MIT Self-Assembly Lab

MIT’s Self-Assembly Lab, led by Skylar Tibbits, is on the bleeding edge of smart material research, pioneering efforts in self-assembling materials and components as well as programmable materials. From the Self-Assembly Lab website:

“Self-Assembly is a process by which disordered parts build an ordered structure through only local interaction. In self-assembling systems, individual parts move towards a final state, wheras in self-organizing systems, components move between multiple states, oscillate and may never come to rest in a final configuration.

“Programmable Matter is the science, engineering and design of physical matter that has the ability to change form and/or function in a programmable fashion. 4D Printing, where the 4th dimension is time, is one recent example of PM that allows objects to be printed and self-transform in shape and material property when submerged in water.

Both of these concepts are of great interest to us as we explore the relationship of form and time and consider how to design for changing conditions.  In addition, these areas of research bridge the gap between our interests in robotics, composites and non-static form in the built environment.  The Self-Assembly Lab’s section on Programmable Materials states that their “goal is true material robotics or robots without robots.”  To that end they are exploring the following areas, among others, which are particularly relevant to our thesis development.

Programmable Carbon Fiber and Programmable Textiles

Programmable Carbon Fiber; image from Self-Assembly Lab

Programmable Carbon Fiber; image from Self-Assembly Lab

In partnership with Autodesk and carbon fiber supplier and material innovator Carbitex, the lab is researching flexible and self-bending carbon fiber fabrics.  Carbitex already offers flexible fabrics, but the lab is looking at the possibility of programming this material to bend with the application of energy of some kind (for example, electrical current or heat).

A programmable textile would differ from carbon fiber in that it would offer different strength and rigidity characteristics and might not be able to change shape more than once, for example, after being immersed in water.

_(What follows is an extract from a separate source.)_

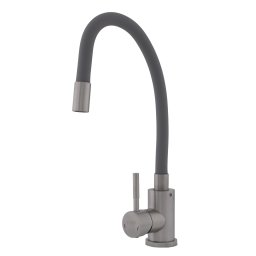Baterie de bucatarie Flow FB-011 gri mat, inox SUS 304, cu pipa flexibila
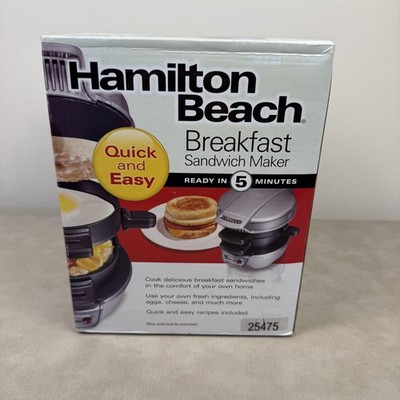 Hamilton Beach Breakfast Sandwich Maker 25475 Ready in 5 Minutes Quick Easy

BioMolecular Self-Assembly

As described in the above quote regarding self-assembly, the lab is considering how parts in a system can come together in a specific fashion of their own accord with the simple application of an outside energy source.  On some level the idea that such a system results in a “final state” is opposed to the concept of dynamic form, especially if parts are only able to come together in a single configuration.  However, if we consider the possibility of a future material that is both self-assembling and programmable, allowing the parts to assume different configurations under different circumstances or stimuli, then the finality of a self-assembling system would simply refer to one of many states that the system can assume.  It is in reference to such a possibility that we developed the final animation presented in the formeta 0.9 project.